RO EN
BIG DATA - large-scale databases
Doru Bulubasa
03 November 2016

BIG DATA is a concept that has started to take shape recently. Day by day, databases grow exponentially due to the increasing number of internet users. Even the simple access to the most basic website in the world can be recorded.

If we use a search engine, we will appear in a database of internet habits with the keywords we used. Thus, we can say that each click generates a record. Imagine how much data is generated if 40,000 searches are made in just one second (this is roughly what Google claims).

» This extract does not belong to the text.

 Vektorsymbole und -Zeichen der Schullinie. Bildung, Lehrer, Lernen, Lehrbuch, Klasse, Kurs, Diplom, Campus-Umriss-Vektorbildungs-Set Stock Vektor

BIG DATA can be described by the following characteristics:

1.    Volume – The amount of data generated and stored. The size of the data determines the potential value and understanding and whether it can actually be considered BIG DATA.
2.    Variety - The type and nature of the data. This helps people use it efficiently to analyze and understand the results of the analysis.
3.    Velocity – Data is generated at increasingly high speeds. Therefore, the speed of analysis and interpretation must also be high to keep up.
4.    Variety – As the volume of data has increased, so has the number of sources and types of data. The vast majority of this data is unstructured, which significantly complicates the analysis process.
5.    Veracity - The quality of the captured data can vary greatly, affecting accurate analysis.

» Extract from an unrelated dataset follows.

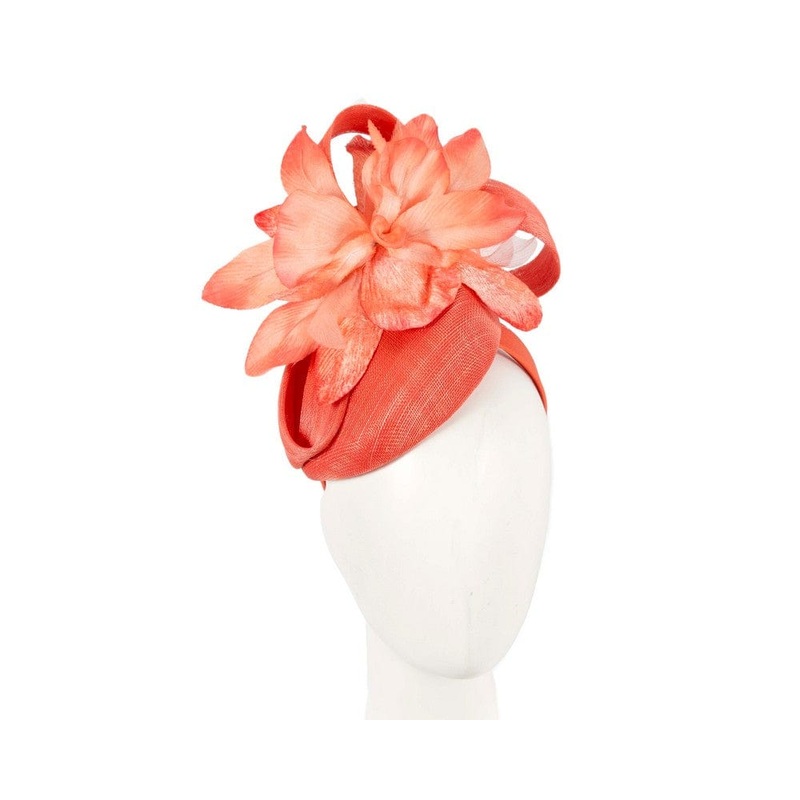 Tall orange racing pillbox fascinator by Fillies Collection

BIG DATA has launched a true industry of processes, personnel, and technology to exploit the immense potential of this new frontier. Large companies like Amazon, Wal-Mart, Google, Microsoft, etc., use BIG DATA in shaping future strategies. But it also plays an important role for small and medium-sized companies to better organize themselves or to establish their business strategies.

What exactly is BIG DATA?

Theoretically, it is not a new concept as it was born in 2001. It is the information held by any company, obtained and processed through new techniques to bring benefits in the most efficient way possible.

Companies have strived for decades to use the information they hold to grow or diversify a business. BIG DATA is special because it represents a significant volume of information – which can "open" opportunities, but also the way this information is analyzed can help this "opening."

Interpretation can reveal perspectives that are not immediately visible or that could not be found using traditional methods. The entire interpretation process focuses on finding paths, trends, or patterns normally invisible. This very thing requires new technologies and skills.

Therefore, the days when the data held by a company are stored in nicely organized Office documents and shared among employees are almost gone. If in 2002, 50 GB of file storage space was more than enough, today it most likely represents the volume of data generated in one minute.